TASK REQUIREMENTS ->
Produce a faithful copy of the data, one that leaves out the pictures.
──────── DATASET RECORDS
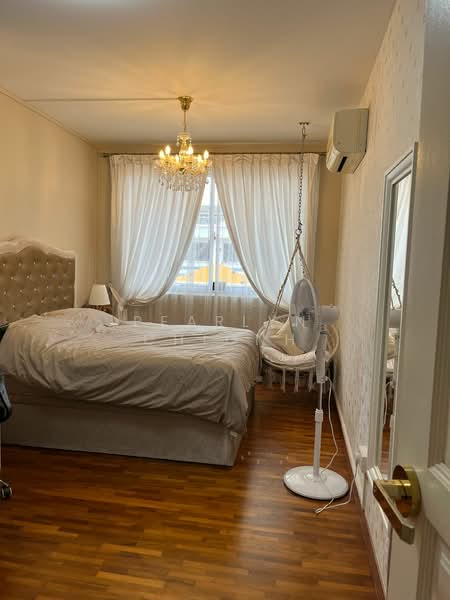 205 Choa Chu Kang Central HDB Flat For Sale at S$ 830,000 | PropertyGuru Singapore - Bedroom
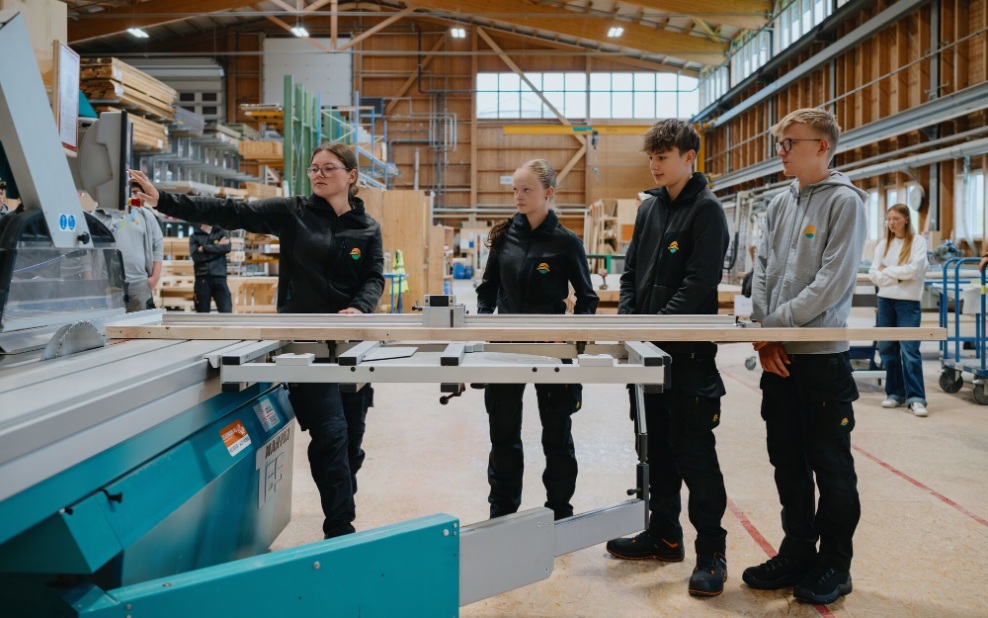 Start of Apprenticeship 2025 at Blumer Lehmann – Training in the Workshop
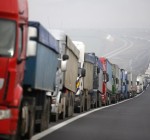 Очереди грузовиков на литовско-польской границе вновь выросли (дополнено)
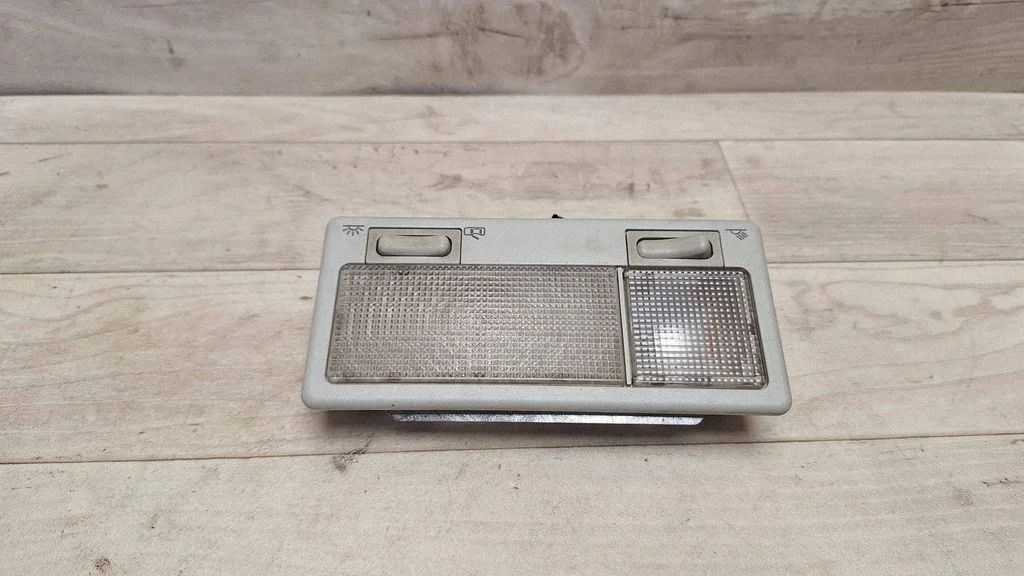 Front seat light 7M0947105C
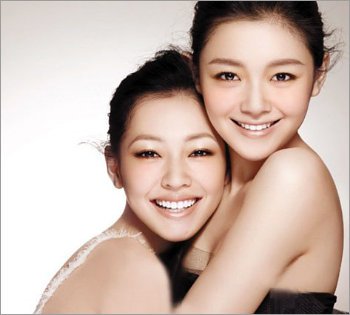 Barbie Hsu dan Adiknya Jalani Operasi Plastik
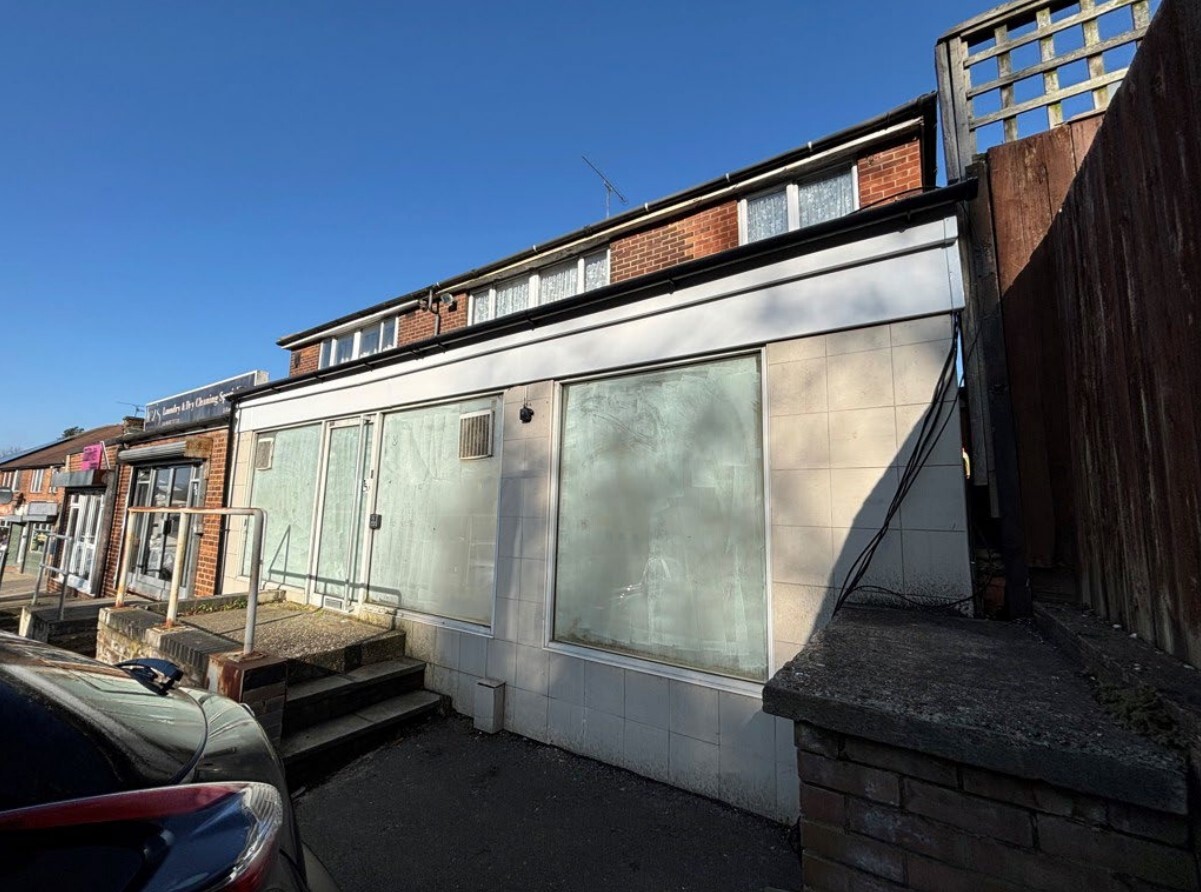 14-14A Eaton Green Rd, Luton, BDF for Rent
────────────────
ANSWER SECTION ->
 205 Choa Chu Kang Central HDB Flat For Sale at S$ 830,000 | PropertyGuru Singapore - Bedroom
 Start of Apprenticeship 2025 at Blumer Lehmann – Training in the Workshop
 Очереди грузовиков на литовско-польской границе вновь выросли (дополнено)
 Front seat light 7M0947105C
 Barbie Hsu dan Adiknya Jalani Operasi Plastik
 14-14A Eaton Green Rd, Luton, BDF for Rent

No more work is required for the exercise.